ジョン・セルミナーロ

叫びたくなるようなホルン超難曲集

CD(CRYSTAL RECORDS CD679)

 叫びたくなるようなホルン超難曲集
1.シューマン/アダージョとアレグロ
2.クラフト/イヴニング・ヴォランタリーズ
3.ハイドン/3声のディヴェルティメント
4.スタイガー/ヘクサデカスロン
        「たった今殺された騎士」
5.ラザロフ/無伴奏ホルンの為の「イントラーダ」

  ジョン・セルミナーロ(ホルン)(1、2、4、5)
  シャーロット・セルミナーロ(ホルン)(3)
  ジタ・カルノ(ピアノ)(1)
  マリア・ラリオノフ(ヴァイオリン)(3)
  トビー・サクス(チェロ)(3)
  スティーヴン・モスコ指揮
     カリフォルニア・E・A・R・ユニット(4)
     録音 1981年(2)
         1984年(1、4)
         1997年(3、5)

 このCDはまさに超難曲が揃っています。夫人のシャーロットが吹いてるハイドンもかなりの難曲ですが、ジョンの委嘱作品クラフトとスタイガーの2曲はとんでもない曲です。あらゆるテクニックと奏法を駆使して演奏しなければならず、聴いているだけでも驚きました。

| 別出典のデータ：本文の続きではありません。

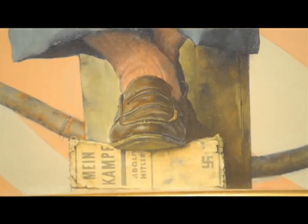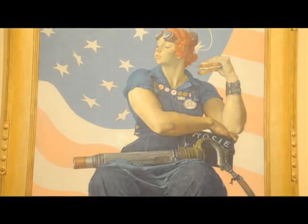Going to the bottom, there are two things I love about just this little passage of the painting. One is that she's stepping on Mein Kampf — she's literally stomping out the enemy. She's doing it in a very casual way. Her whole expression and the way she's sitting conveys confidence, but also almost a disdainfulness — how dare these people think that they can overcome the greatness of the American people.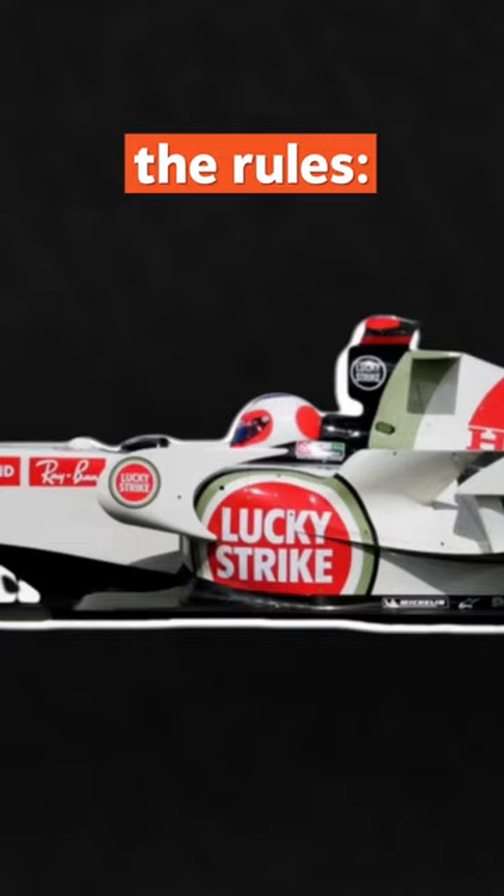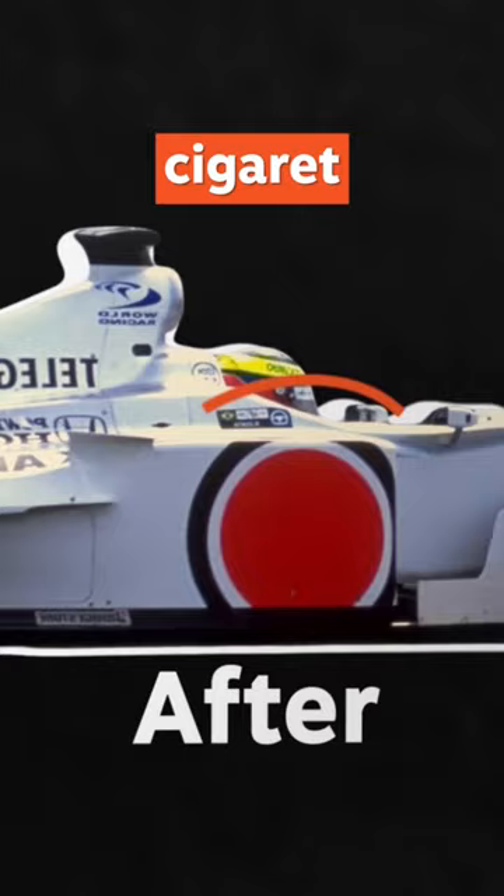How to go around the rules. British American Tobacco used the color and design of key cigarette brands, but not their names. Or the barcode logo on the Ferrari cars — it just looked like a couple of vertical lines, but at high speed you don't need much imagination to see the Marlboro logo.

クラフトのイヴニング・ヴォランタリーズで出す超高音はホルンの音域を越えています。
 スタイガーの「ヘクサデカスロン」はホルンと室内アンサンブルのための作品で現代的な響きでが、不協和音はほとんどなく3つの楽章から鳴るホルン協奏曲です。24分ほどの大曲です。ゲシュトップや重音奏法が使われています。セルミナーロという人はとんでもないホルン吹きだという印象を受けました。
 ラザロフの無伴奏ホルンの為の「イントラーダ」は低音から超高音まで使う超難曲といってよいでしょう。セルミナーロの美しいホルンの響きはうっとりさせられます。